The ASPCA is reportedly giving the pound $20,000 to start doing TNR for feral cats since trap-and-kill “has done little to decrease the number of wild felines in Orange County.”  I hope the pound stops killing ferals but I’m concerned that the director does not seem to know it’s wrong to kill healthy/treatable cats.  Further, since no one is giving them $20,000 to stop killing neonate kittens, I assume that slaughter will continue in 2013, which is tragic.

(Thank you Clarice for the link.)

7 thoughts on “Pets Still Being Needlessly Killed at Orange Co Pound

  1. Not to mention that the definition of “feral” is probably “didn’t have a tag and/or hissed at someone”.

      1. One of my beloved pets came to our local shelter in a trap – this was before i was banned from helping there due to “bad questioning behaviour” – sorry, i degres,. but anyway, the humane officer who trapped her and brought her in, warned me that this was a feral and dangerous cat – to use caution with her etc.

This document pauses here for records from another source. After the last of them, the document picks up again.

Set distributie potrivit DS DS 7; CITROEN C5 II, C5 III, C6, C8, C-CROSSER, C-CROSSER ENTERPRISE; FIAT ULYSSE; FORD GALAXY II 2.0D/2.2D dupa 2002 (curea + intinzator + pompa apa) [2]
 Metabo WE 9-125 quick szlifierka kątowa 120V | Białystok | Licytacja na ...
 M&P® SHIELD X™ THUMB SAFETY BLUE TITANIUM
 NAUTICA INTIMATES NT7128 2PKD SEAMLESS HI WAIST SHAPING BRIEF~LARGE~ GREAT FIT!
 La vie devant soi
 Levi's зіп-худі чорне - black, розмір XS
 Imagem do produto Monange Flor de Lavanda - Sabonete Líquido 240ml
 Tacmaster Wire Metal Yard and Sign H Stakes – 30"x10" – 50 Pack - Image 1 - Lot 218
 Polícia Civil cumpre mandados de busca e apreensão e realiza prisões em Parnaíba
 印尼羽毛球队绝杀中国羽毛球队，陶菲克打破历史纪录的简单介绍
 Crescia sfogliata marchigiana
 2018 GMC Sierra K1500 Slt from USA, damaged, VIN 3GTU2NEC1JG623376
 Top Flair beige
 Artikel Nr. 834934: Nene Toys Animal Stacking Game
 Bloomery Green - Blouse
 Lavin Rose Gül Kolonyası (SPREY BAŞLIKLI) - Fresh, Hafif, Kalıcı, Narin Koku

Yep, she greets me daily by jumping on my shoulders and wrapping herself around me like a scarf with a loud purr.

    1. you got it. people who do not understand cat behaviour, do not know how to properly identify what behaviour means. i remember a few years ago the state animal rights group dedicated a good portion of their yearly training to cats. Attendence was lowest ever, due to the feeling on the part of animal control people that they did not need to learn about cat behaviour. so sad,. but shows the attitude of people toward learning more about cats.

  2. What gets me is the most helpless and vulnerable – neonate kittens are KILLED!! what???? Thus is being born a hopeless condition? these little ones need a chance. I know that takes work… you know take cute kitten pictures, do a news article and make posters asking for foster care help. yep, I know, you probably would have to teach some of the responders what to do, and that takes time. and buying all that milk substitute takes money and hey, you can’t take money from the “blue goo” fund….(sigh) BUT we want the same things – all of us – no one likes killing!! Blue goo cupcakes anyone?

    1. And they want it both ways – they kill neonates for being unable to survive on their own and ferals, with a proven track record of surviving on their own. I guess “mildly dependent” is the criteria for survival in a shelter?